In a recent post, I lamented that my posts were being gathered up by AI services and I was losing the opportunity to have my thinking identified with my content. The best example I could think of was the way Google search now included an AI summary in response to queries and it seemed to me that the position of this summary before the more traditional links would reduce attention to these links. It even seemed to me that this action on Google’s part might be beneficial to Google in the short run, but not in the long run. What I speculated was that by diverting users from possible attention to the content associated with links would reduce the incentives of content creators who might discontinue their efforts or place their content behind a paywall reducing what was available to users and to Google.
What I mean by incentives could involve the funds popular bloggers receive, but there is also perceived value in the attention one receives and the sense that the content creator has offered something of personal value to others.
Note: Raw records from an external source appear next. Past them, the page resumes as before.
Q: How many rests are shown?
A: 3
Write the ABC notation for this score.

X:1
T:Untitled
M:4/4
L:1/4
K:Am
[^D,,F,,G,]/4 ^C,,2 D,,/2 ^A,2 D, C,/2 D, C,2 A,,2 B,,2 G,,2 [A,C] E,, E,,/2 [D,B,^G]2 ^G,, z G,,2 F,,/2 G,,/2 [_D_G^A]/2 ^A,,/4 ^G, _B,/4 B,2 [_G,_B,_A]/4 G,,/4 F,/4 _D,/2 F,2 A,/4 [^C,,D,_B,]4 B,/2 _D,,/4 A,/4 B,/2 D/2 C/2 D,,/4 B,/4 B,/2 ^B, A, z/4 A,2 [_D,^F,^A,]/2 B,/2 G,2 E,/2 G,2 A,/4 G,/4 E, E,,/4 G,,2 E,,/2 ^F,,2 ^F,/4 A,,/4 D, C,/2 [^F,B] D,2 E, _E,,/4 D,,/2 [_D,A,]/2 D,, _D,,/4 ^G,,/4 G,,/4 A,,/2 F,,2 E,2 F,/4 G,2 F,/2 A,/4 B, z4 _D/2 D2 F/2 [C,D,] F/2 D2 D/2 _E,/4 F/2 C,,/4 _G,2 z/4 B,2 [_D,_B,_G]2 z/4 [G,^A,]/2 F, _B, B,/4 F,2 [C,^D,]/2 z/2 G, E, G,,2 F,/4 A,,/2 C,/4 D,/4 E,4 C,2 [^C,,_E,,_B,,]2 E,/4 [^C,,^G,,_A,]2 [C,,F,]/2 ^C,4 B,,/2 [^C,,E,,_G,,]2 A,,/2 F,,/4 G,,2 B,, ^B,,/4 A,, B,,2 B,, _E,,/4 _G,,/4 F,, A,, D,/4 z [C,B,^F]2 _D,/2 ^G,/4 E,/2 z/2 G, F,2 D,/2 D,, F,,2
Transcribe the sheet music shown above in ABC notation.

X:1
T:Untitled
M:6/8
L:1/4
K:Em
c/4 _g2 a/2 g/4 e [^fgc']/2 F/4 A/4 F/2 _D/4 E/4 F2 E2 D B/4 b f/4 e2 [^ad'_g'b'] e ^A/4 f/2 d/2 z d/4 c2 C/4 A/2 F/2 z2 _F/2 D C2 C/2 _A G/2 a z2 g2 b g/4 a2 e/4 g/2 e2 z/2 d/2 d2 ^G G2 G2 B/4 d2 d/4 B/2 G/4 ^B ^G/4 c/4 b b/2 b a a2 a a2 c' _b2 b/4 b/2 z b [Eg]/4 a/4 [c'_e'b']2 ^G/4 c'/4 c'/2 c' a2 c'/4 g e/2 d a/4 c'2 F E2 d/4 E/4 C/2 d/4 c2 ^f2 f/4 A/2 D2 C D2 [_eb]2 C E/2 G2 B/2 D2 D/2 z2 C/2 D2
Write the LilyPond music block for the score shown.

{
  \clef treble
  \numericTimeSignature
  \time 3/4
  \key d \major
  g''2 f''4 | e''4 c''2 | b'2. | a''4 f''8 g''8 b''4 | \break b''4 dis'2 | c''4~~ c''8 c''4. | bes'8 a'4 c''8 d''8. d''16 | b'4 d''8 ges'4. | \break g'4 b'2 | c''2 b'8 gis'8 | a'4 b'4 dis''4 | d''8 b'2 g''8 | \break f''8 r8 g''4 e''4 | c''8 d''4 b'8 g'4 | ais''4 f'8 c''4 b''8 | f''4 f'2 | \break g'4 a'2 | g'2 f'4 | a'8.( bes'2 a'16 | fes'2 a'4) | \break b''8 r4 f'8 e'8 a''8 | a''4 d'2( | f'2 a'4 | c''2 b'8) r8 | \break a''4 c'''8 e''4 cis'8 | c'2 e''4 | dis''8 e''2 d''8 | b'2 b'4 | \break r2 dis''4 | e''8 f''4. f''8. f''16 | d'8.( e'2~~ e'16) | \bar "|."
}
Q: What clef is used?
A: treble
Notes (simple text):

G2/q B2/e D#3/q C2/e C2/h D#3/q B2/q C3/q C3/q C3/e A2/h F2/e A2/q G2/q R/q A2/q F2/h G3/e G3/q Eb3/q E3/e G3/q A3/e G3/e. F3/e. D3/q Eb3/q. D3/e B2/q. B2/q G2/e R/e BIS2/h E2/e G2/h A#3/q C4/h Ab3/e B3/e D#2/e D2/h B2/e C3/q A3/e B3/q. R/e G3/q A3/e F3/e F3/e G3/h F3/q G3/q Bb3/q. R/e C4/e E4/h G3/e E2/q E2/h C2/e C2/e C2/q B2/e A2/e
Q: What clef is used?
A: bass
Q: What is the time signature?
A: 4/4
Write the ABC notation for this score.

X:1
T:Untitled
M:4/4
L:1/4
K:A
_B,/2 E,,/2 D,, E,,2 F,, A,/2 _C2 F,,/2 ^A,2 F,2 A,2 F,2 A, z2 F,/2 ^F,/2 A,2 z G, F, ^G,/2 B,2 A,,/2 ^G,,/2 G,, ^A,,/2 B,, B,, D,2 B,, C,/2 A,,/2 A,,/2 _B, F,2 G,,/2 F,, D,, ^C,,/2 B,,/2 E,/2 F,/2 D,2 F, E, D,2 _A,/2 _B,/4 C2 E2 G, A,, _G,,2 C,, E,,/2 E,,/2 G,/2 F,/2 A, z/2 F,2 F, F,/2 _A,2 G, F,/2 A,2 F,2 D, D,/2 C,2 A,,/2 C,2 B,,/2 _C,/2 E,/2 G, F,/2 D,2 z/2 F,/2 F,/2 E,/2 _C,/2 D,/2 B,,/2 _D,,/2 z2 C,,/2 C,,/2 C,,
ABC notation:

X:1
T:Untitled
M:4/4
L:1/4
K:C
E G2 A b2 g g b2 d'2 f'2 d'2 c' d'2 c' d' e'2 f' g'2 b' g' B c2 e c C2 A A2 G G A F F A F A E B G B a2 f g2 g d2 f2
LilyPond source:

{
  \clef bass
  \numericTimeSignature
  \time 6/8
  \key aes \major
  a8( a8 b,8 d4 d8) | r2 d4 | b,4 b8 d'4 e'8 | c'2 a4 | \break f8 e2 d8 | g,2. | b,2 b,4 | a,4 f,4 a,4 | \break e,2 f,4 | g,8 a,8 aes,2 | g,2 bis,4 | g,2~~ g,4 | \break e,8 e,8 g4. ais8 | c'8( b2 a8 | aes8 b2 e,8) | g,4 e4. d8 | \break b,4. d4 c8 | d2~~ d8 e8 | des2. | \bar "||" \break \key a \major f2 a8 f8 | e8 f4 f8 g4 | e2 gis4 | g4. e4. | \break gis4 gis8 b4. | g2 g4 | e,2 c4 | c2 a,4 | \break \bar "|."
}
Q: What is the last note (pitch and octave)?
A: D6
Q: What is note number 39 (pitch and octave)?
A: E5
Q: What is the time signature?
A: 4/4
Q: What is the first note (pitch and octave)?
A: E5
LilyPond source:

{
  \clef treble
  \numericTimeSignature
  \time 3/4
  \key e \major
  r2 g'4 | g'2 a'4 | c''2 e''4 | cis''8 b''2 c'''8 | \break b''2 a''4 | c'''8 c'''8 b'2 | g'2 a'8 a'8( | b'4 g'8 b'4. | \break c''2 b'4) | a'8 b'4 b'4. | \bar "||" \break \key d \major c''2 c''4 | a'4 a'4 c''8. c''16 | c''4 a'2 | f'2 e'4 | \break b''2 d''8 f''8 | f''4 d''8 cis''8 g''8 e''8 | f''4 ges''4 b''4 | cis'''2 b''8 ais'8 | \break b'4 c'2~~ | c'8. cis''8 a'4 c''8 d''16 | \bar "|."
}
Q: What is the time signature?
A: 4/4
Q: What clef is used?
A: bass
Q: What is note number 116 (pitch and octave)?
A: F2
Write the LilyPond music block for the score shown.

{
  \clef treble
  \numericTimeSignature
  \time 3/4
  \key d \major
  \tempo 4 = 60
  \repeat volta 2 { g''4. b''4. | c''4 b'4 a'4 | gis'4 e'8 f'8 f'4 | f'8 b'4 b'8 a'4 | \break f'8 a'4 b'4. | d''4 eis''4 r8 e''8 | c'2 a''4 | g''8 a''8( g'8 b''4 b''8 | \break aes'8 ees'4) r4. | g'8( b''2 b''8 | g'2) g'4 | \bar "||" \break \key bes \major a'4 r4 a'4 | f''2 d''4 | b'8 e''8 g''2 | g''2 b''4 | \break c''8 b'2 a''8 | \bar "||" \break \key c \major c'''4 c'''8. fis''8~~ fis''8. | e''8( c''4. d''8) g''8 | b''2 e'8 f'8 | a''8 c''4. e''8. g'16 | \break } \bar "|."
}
The PEW Research on the Inclusion of an AI Summary in Search Results
The PEW Research Center has recently conducted a study as part of its Internet & Technology initiative. The impact of AI has become a topic they study and the researchers decided to ask a question very much related to the issue I raised. Researchers gained permission to collect data from 900 volunteers as the participants made use of Google search. The researchers were interested in the differences between behavior when search results contained or did not contain AI-generated search summaries. Were there differences in the likelihood the user visited a link that appeared in what might be described as the traditional list of links? Given that the AI-summary also listed some relevant links at the end of the summary, did those who opened the full summary make use of these links?
The PEW researchers found data very much substantiating what I had anticipated.
The analysis found that Google users who encountered an AI summary were less likely to click on links to other websites than users who did not see one, with users who encountered an AI summary clicking on a traditional search result link in 8% of all visits, compared to 15% of visits for those who did not encounter an AI summary.
The study also discovered that Google users who encountered an AI summary rarely clicked on a link in the summary itself, which occurred in just 1% of all visits to pages with such a summary, and that users who encountered an AI summary were more likely to end their browsing session entirely after visiting a search page with an AI summary than on pages without a summary.
The researchers made one interesting observation about the basis the AI-summary claimed as a source. The most common link was to Wikipedia. I would be tempted to describe this observation as demonstrating that Google Search provides a secondary summary of a secondary source.
In my searching on this issue, I found that news services that have made their content accessible to search have reached a similar conclusion regarding search summaries. These organizations were already under pressure from online search and had hoped, I assume, that links would bring greater attention to their content both openly available and behind a paywall.